**Task requirements:** Would you retype the records below exactly as they appear?

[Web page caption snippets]
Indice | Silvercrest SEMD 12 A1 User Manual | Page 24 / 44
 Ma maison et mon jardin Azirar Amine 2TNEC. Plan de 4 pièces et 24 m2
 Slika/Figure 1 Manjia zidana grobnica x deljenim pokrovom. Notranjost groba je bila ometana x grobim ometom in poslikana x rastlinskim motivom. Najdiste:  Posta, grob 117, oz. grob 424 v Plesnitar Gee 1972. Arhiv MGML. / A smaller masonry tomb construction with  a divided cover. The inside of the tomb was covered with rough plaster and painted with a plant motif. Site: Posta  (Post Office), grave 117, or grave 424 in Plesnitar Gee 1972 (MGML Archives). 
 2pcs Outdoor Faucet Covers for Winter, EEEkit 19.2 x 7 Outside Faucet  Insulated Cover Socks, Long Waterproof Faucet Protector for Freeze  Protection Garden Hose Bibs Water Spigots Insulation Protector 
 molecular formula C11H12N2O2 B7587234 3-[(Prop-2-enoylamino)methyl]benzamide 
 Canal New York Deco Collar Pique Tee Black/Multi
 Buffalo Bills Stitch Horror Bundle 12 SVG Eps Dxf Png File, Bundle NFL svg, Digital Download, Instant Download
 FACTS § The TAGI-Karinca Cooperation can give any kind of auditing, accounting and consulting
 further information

**Exercise response:**
Indice | Silvercrest SEMD 12 A1 User Manual | Page 24 / 44
 Ma maison et mon jardin Azirar Amine 2TNEC. Plan de 4 pièces et 24 m2
 Slika/Figure 1 Manjia zidana grobnica x deljenim pokrovom. Notranjost groba je bila ometana x grobim ometom in poslikana x rastlinskim motivom. Najdiste:  Posta, grob 117, oz. grob 424 v Plesnitar Gee 1972. Arhiv MGML. / A smaller masonry tomb construction with  a divided cover. The inside of the tomb was covered with rough plaster and painted with a plant motif. Site: Posta  (Post Office), grave 117, or grave 424 in Plesnitar Gee 1972 (MGML Archives). 
 2pcs Outdoor Faucet Covers for Winter, EEEkit 19.2 x 7 Outside Faucet  Insulated Cover Socks, Long Waterproof Faucet Protector for Freeze  Protection Garden Hose Bibs Water Spigots Insulation Protector 
 molecular formula C11H12N2O2 B7587234 3-[(Prop-2-enoylamino)methyl]benzamide 
 Canal New York Deco Collar Pique Tee Black/Multi
 Buffalo Bills Stitch Horror Bundle 12 SVG Eps Dxf Png File, Bundle NFL svg, Digital Download, Instant Download
 FACTS § The TAGI-Karinca Cooperation can give any kind of auditing, accounting and consulting
 further information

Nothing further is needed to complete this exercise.